Canta, Amigo, Canta | João Carlos Callixto
“Erguer a Voz e Cantar”, EP António Macedo, António Macedo, 1970
Uma das canções mais divulgadas dos últimos anos do Estado Novo, “Erguer a Voz e Cantar” é também muitas vezes conhecida pelos primeiros versos do refrão, “Canta, Amigo, Canta”. O seu autor, António Macedo (1946-1999), não deixou infelizmente um legado musical vasto, mas na realidade, bastaria esta canção para lhe dar o lugar merecido na História da nossa Música Popular.

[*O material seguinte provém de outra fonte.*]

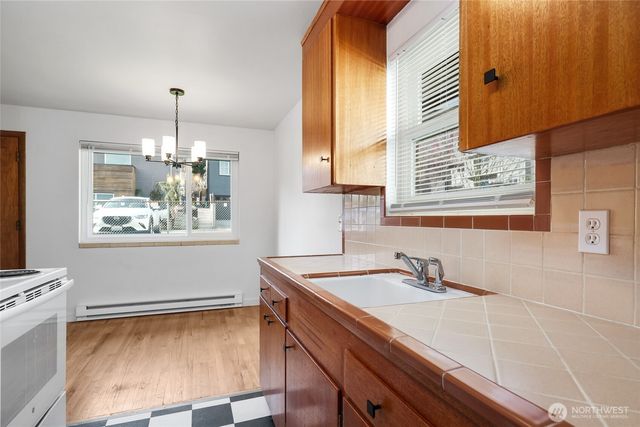 2845 21st Avenue W, Seattle, WA 98199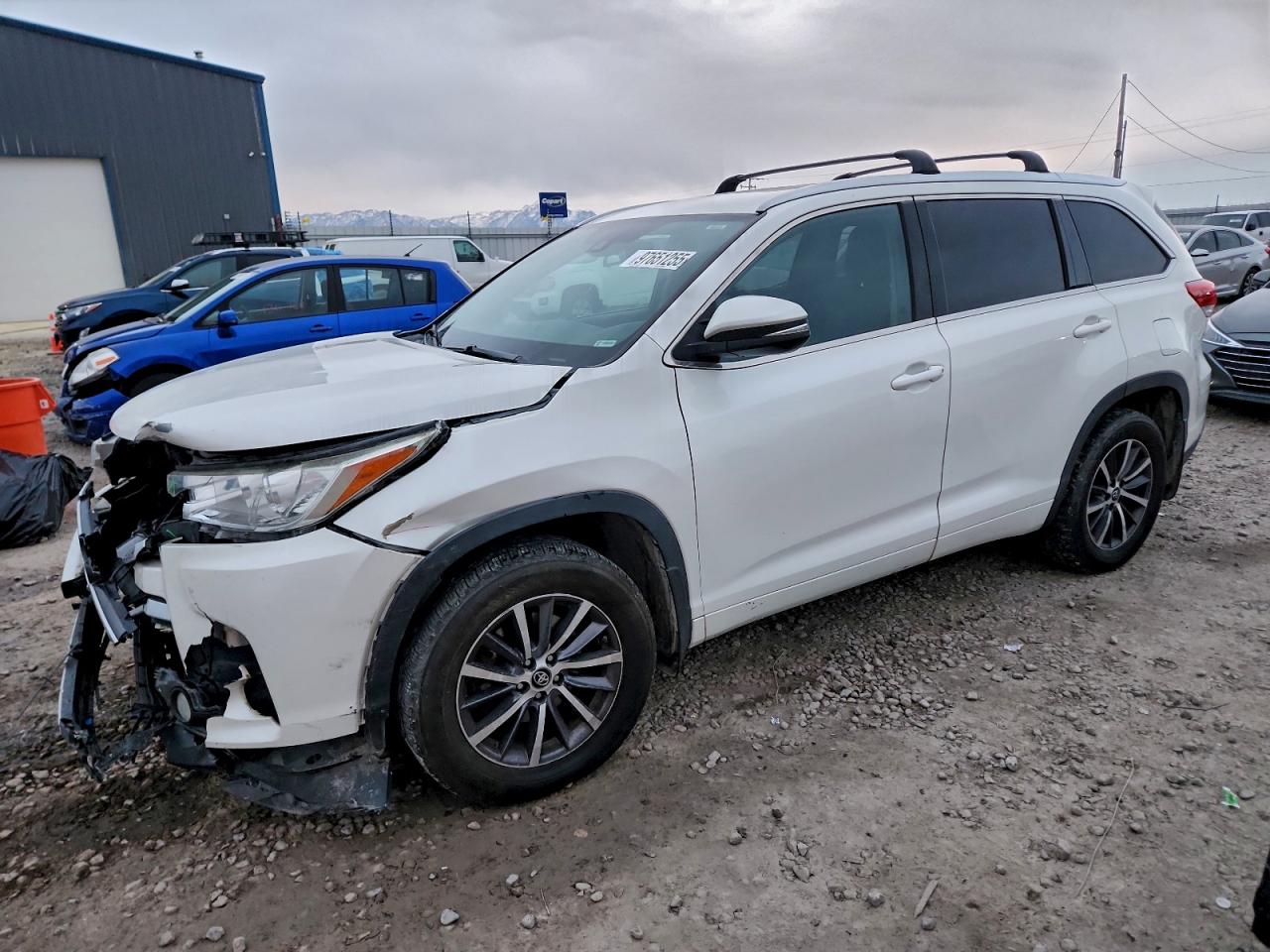 2017 TOYOTA HIGHLANDER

Sendo uma das memórias mais antigas que tenho, em termos musicais, terá sido porventura essa a razão para chamar ao livro que a Âncora Editora me publicou em 2014 precisamente “Canta, Amigo, Canta”, com o subtítulo “Nova Canção Portuguesa (1960-1974)”. O refrão do cantautor António Macedo adquire aqui o verdadeiro significado de inclusão, ao apelar à reunião em volta dos mesmos ideais humanistas do maior número possível de “amigos”, algo que José Afonso fez no mesmo ano de 1970 com o seu “Traz Outro Amigo Também”.
O Casamento da Menina Manuela
No caso de Macedo, não faltou no seu percurso o talento de um arranjador com soluções musicais bem distintas – falo de José Cardim Ribeiro, que depois seguiria carreira reconhecida na área da Arqueologia. Não lhe faltou também a passagem por editoras de grande destaque, como foi o caso do trabalho de estreia – único EP seu, editado em 1970 pelo selo Polydor e precisamente o disco onde se incluía “Erguer a Voz e Cantar” – e dos dois discos seguintes – ambos singles, publicados em 1972 e 1973 pela Valentim de Carvalho, com o satírico “O Casamento da Menina Manuela” a alcançar então mais popularidade. Mesmo depois do 25 de Abril, e após passagens pelo estrangeiro, Macedo voltou a publicar discos e livros de poesia, nunca se afastando, portanto, completamente das lides artístico-culturais.
Faltou um grão de sorte
O que faltou então para que o percurso do cantautor fosse mais conhecido e para que os discos que gravou não estejam ainda reunidos e disponibilizados ao grande público? Talvez a edição de um álbum, que esteve projectado para a segunda metade de 70s mas que nunca chegou a ver a luz do dia. Talvez também um grão de sorte, sempre tão necessário, para que o seu nome pudesse ir mais além do da sua famosa canção, que esteve e está nas bocas de tantos portugueses sem que a grande maioria tenha qualquer ideia sobre quem a escreveu e cantou originalmente.
Várias versões
Nos quase 50 anos entretanto decorridos, “Erguer a Voz e Cantar” conheceu várias versões, das quais destaco as gravadas pelo grupo ad-hoc Equipa, formado pouco depois do 25 de Abril (com membros como Jaime Nascimento, um dos pioneiros da guitarra eléctrica em Portugal; a cançonetista Margarida Amaral ou um muito jovem Ramón Galarza), num álbum de 1975; pela Tuna dos Voluntários de São João da Madeira, num álbum de 1983; pela cantora Dona Rosa, no álbum “Alma Livre”, de 2007, ao lado do guitarrista Tiago Oliveira (ex-Pólo Norte); pelo duo Lavoisier, num disco de 2012, primeiro de um percurso que se viria a cruzar com o histórico técnico de som José Fortes; por outro histórico, desta vez um cantor, Carlos Alberto Moniz, no álbum evocativo de Abril “Resistir de Novo”; e pelo fadista José Gonçalez, em 2015, no álbum “Até Deus Gosta de Fado”, ao lado do cantor pop FF e do grupo alentejano A Moda Mãe. Seis casos de entre os muitos que levaram esta canção a várias geografias e que continuam a fazer dela uma canção de resistência – porque só a arte que continua viva e actuante é capaz de resistir às mudanças de tempos e de vontades!